My family despite experiencing racially motivated attacks in public which my father claims to have increased following Ms. Hanson’s maiden speech in Parliament refused to accept a blanket notion that was spread among the Asian Australian community that all Anglo-White Australians were racist.
Watching my parents and others in the Asian Australian community’s response to Ms. Hanson throughout my childhood has encouraged me to take a not so black and white view on the issue of immigration and multiculturalism.
Multiculturalism or Ethnic Tolerance
Although I am no supporter of One Nation or Ms. Hanson’s inflammatory remarks, I do often beckon the question of whether multiculturalism is actually working well in Australia. As a young adult living, studying and working in what is regarded as highly diverse localities of Sydney, it does seem that what we have now is ethnic tolerance but a lack of cross-cultural and inter-ethnic interactions.
It would be very easy to label Ms. Hanson a racist and move on with life, but how does that actually deal with the real issues of immigration and multiculturalism in Australia. Also to forget that Ms. Hanson was legitimately elected to the Senate in Parliament in her own right after nearly two decades of failed political endeavors would be a failure to acknowledge the importance of perseverance.

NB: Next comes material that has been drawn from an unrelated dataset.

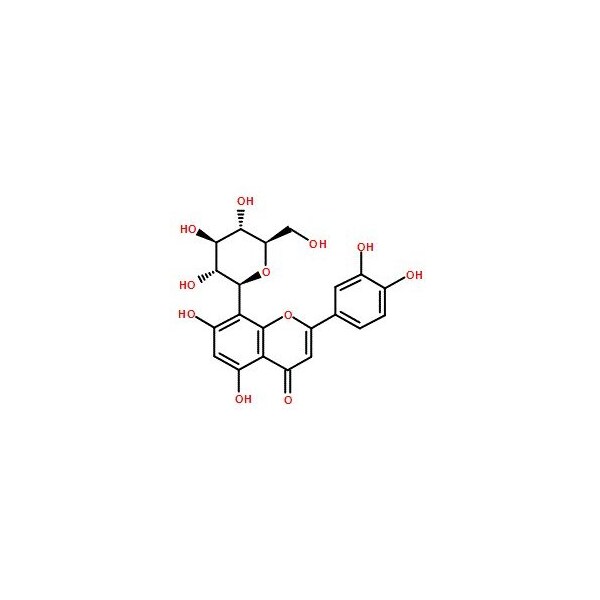 Ak Scientific Orientin (25mg), CAS 28608-75-5 Y0149-25mg - main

Australians need to persevere in the engagement of controversial issues such as immigration and multiculturalism and not to be merely throwing around insults such as racist, bigot or intolerant. Sure some if not most of One Nation’s policies may be viewed as offensive or fringe, but if we are to succeed in establishing a truly multicultural society it is an engagement that will win over hearts and minds not a campaign of retaliatory name-calling.
The easy way out of controversy is to sideline the issue on to the fringes of the field if I may use a sporting analogy. Although it may be on the center field, the issue is actually closer to the crowd than much of the action in the middle of the ground. The continued blanket attacks on Ms. Hanson’s views on immigration and multiculturalism will only spur a louder cheer squad for One Nation.

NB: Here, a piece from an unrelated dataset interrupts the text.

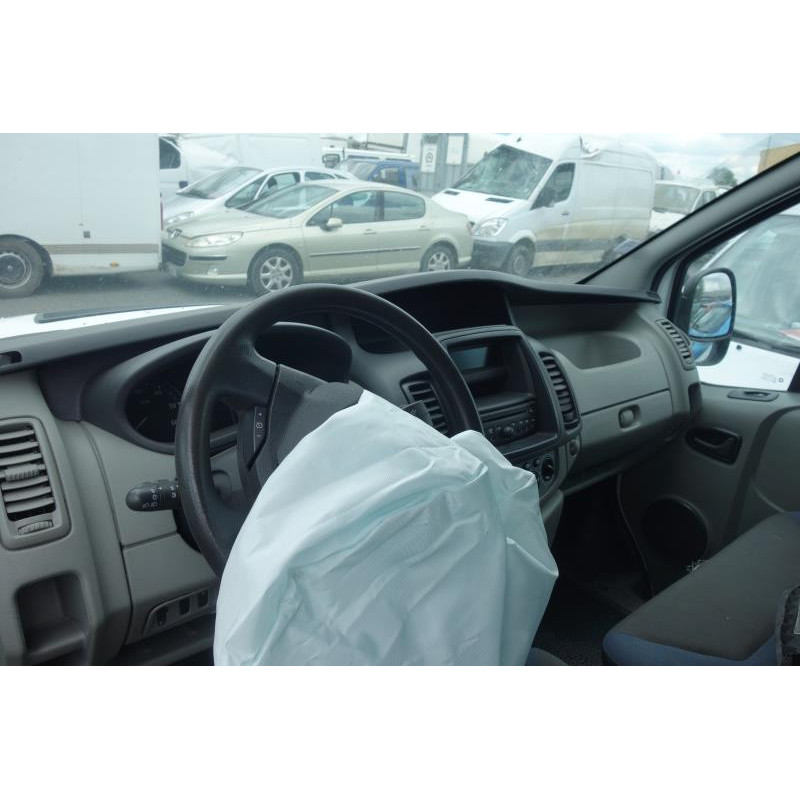 Cardan droit (transmission) RENAULT TRAFIC 2 Photo n°6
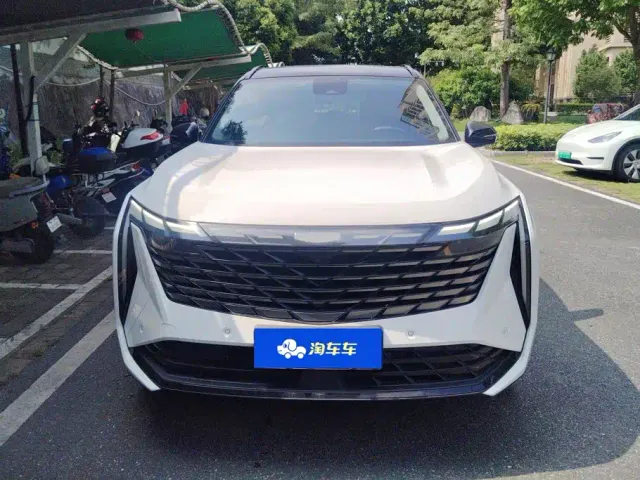 Geely Boyue L — Фото автомобиля 2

Tackle Hanson Once and For All
Instead, let’s welcome One Nation on to the field just as Ms. Hanson is now a Senator in Parliament, and let everybody see why they should be dropped from the team because we cannot forget that that nearly tens if not hundreds of thousands of Australians actually voted for her at the election.
Keeping Ms. Hanson on the sideline would only enable her to reach out to more spectators and potential supporters. Putting her into the scrum pack in the middle would see how quickly she crumbles. The scrum pack of genuine multiculturalism and tolerance will prevail if that is what Australians truly believe in.
People are also never one dimensional as we often like to assume especially through online and social media portrayals. So before everyone jumps on the bandwagon to post a comment labeling Ms. Hanson a racist or the red witch from the north, it probably will serve Australia better if we actually stopped for a moment to reflect on the state of multiculturalism in the country.
In working to achieve genuine multiculturalism, let’s not be too quick to pigeonhole people such as that of Ms. Hanson, but rather highlight her misunderstandings and show the rest of the country what good that inter-ethnic interaction is for everyone. Fighting prejudice with acts of kindness such as actively engaging with people of different ethnicity instead of just merely passing by them on the street is better than online battles with the right-wing.
Attacking Pauline Hanson without dispelling the concerns of her supporters doesn’t progress Australia. Ethnic communities can be showing why multiculturalism does in fact work and through the demonstration of its effectiveness will be the best way to make sure that One Nation is not re-elected in future.
We do not need to subscribe to One Nation’s fear of immigration and multiculturalism either, but what we need to do is be thanking Ms. Hanson for reminding us that the current form of Australian multiculturalism requires greater perseverance and needs to be genuinely furthered in the community.